Ich haben bisher jedoch keinen ETF-Verfechter getroffen, der die überwiegenden negativen Eigenschaften von ETF oder gar die hohen Risiken für sich selbst verstanden hat oder in den Webinaren überhaupt anspricht.
Die größten Risiken von ETF
- Große ETF werden systemrelevant
Allein das noch immer wachsende Anlagevolumen in die großen, volumenstarken ETF könnte zu einem systemrelevanten Risiko führen, da die Masse der Privatanleger regelmäßig prozyklisch in ETF investiert. Gekauft werden ETF von den meisten Privatanlegern bei steigenden Kursen. Sobald die Kurse der Indizes deutlich einbrechen, verkaufen die gleichen Anleger aus Angst vor Verlusten ihre ETF wieder. Bei den großen Volumen die bereits bewegt werden, werden die Indizes somit noch stärker nach unten gerissen. Die aufkommende Panik der letzten Kleinanleger, führt dazu, dass die Anleger Geld verlieren und in der Folge vermutlich nie wieder Geld in Börsenwerte investieren.

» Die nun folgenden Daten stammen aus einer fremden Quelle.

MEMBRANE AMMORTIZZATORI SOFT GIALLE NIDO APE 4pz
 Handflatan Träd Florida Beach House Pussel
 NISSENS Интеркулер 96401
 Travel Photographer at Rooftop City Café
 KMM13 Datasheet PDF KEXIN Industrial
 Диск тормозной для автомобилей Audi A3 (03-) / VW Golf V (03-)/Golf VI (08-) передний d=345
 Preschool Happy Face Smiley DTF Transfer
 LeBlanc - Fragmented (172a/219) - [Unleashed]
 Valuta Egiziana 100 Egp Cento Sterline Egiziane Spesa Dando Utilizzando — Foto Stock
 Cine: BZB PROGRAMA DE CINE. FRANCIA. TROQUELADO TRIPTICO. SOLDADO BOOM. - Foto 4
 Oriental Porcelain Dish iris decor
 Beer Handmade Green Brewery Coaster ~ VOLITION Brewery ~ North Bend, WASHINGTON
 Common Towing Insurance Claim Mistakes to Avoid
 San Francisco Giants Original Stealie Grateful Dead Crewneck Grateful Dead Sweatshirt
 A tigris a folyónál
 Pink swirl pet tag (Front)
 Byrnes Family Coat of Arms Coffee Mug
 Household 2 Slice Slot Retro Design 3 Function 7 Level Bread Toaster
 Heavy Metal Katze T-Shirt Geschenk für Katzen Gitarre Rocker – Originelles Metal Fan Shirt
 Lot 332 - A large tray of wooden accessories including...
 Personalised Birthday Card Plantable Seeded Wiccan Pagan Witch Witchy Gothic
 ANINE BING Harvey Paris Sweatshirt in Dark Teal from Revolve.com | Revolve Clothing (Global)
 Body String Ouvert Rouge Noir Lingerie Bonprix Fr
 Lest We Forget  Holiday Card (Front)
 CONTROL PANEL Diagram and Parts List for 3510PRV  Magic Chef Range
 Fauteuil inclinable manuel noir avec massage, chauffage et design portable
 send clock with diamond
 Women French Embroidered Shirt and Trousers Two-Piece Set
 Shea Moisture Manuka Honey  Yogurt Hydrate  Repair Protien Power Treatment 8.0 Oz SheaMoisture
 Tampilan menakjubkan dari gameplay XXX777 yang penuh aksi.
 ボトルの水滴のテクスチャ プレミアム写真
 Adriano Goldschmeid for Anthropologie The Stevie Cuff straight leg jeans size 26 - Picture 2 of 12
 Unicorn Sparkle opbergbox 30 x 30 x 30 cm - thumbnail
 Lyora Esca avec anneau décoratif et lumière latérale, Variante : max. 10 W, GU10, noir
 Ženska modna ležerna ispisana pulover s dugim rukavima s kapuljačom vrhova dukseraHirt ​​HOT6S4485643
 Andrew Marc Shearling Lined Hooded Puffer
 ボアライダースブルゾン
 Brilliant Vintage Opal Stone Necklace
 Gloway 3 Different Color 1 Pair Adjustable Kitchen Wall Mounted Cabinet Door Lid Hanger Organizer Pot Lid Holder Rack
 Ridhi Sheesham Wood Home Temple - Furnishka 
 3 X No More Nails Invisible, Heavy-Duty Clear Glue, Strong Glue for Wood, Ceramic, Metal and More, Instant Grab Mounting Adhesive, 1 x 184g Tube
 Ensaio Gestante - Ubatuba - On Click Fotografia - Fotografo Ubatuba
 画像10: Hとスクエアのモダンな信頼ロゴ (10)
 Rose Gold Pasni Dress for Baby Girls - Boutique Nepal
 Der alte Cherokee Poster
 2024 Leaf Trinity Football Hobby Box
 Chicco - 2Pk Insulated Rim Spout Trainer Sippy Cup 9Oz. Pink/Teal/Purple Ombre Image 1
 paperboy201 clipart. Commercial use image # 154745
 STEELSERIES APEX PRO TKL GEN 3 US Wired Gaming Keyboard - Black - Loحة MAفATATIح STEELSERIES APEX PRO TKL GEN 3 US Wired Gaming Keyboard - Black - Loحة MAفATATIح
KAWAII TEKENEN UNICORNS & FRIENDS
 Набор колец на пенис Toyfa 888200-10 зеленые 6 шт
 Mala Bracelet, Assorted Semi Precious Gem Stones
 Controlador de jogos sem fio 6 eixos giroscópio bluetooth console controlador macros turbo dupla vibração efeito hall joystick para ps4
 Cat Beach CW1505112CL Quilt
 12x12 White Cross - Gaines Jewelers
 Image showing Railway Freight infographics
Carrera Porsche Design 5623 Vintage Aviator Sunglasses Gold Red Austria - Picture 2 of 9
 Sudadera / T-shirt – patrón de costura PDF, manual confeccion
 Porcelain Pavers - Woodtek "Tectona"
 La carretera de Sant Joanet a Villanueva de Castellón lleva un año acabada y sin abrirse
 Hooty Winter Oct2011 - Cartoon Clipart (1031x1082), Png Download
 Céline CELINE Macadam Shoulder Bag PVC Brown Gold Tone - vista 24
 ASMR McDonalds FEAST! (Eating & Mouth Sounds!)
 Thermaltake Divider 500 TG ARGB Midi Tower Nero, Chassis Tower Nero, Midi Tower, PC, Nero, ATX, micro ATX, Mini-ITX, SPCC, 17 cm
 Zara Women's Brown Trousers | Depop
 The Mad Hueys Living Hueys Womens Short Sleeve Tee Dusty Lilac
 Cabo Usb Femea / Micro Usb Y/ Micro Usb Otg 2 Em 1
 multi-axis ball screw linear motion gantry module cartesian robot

Dieser Umgang mit ETF führt langfristig also zu dem Effekt, dass Klein- und Privatanleger wieder nur negative Erfahrungen mit der Börse und chancenreicher Kapitalanlage machen. Die Medien erhalten wieder neue Nahrung für unqualifizierte Berichterstattung über das „Teufelszeug Börse & Aktien“. Der Kreis schließt sich.
Das finde ich mehr als schade. Immerhin gibt es keine Anlageform außerhalb der Investition in Aktien – also Investments in den Wirtschaftskreislauf – die langfristig auch nur annähernd an die Renditen von Börseninvestments heranreicht.
- Höhere Risiken durch unerwünschte Übergewichtungen
Am Beispiel des Vergleichsindex MSCI World versuche ich einmal zu erläutern, wie schnell unwissende Kleinanleger in die Falle tappen können und die unerkannte Gefahr ETF sich offenbart.
Der bekannte Index MSCI World zeigt die Entwicklung von fast 1600 Aktien weltweit. Damit ist er jedoch schon lange kein Spiegelbild der weltweiten Marktentwicklung mehr. Er ist inzwischen als Vergleichsindex für ETF der internationalen Unternehmen unbrauchbar.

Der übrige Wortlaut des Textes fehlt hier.